» Provided records:
· · · ·
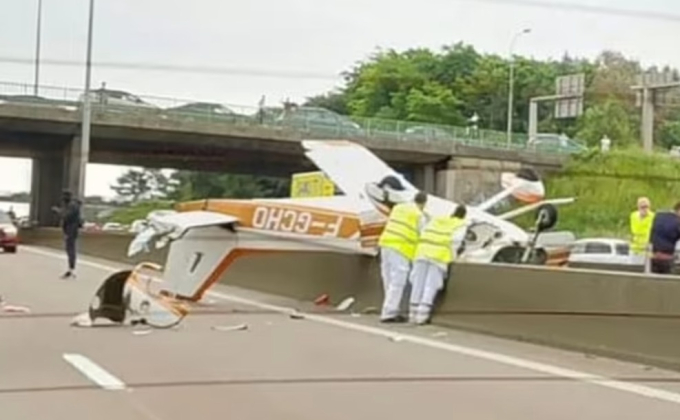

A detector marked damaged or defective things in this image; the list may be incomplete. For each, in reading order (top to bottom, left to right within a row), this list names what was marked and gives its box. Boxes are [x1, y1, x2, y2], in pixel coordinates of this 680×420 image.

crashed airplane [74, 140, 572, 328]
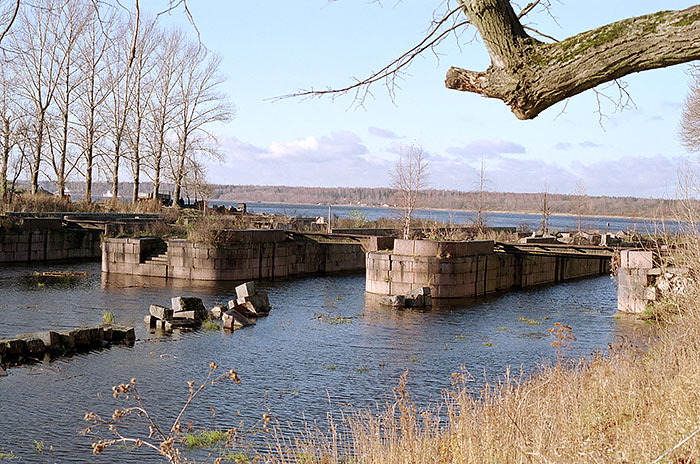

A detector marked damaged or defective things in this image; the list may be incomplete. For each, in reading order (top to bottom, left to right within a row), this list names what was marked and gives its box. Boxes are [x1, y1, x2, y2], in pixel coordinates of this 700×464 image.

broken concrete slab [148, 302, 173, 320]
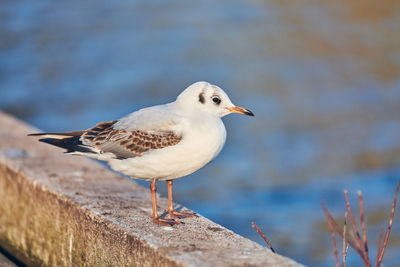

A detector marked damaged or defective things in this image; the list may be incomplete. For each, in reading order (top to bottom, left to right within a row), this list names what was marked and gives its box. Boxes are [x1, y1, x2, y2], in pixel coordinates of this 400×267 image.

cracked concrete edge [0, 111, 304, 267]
· · · ·
Reproduce exactly and only the lines from the line that contains "this 700×464 image." to the end of the data above, both ends included. No pictures go in the copy.

» Finished task:
A detector marked damaged or defective things in this image; the list may be incomplete. For each, in reading order (top to bottom, left to right within a row), this list names what was marked and gives its box. Boxes are [x1, y1, x2, y2], in pixel coordinates of this 700×464 image.

broken concrete slab [148, 302, 173, 320]

A detector marked damaged or defective things in this image; the list may be incomplete. For each, in reading order (top to bottom, left to right within a row), this list names what was marked and gives its box. Boxes are [x1, y1, x2, y2], in pixel coordinates of this 400×267 image.

cracked concrete edge [0, 111, 304, 267]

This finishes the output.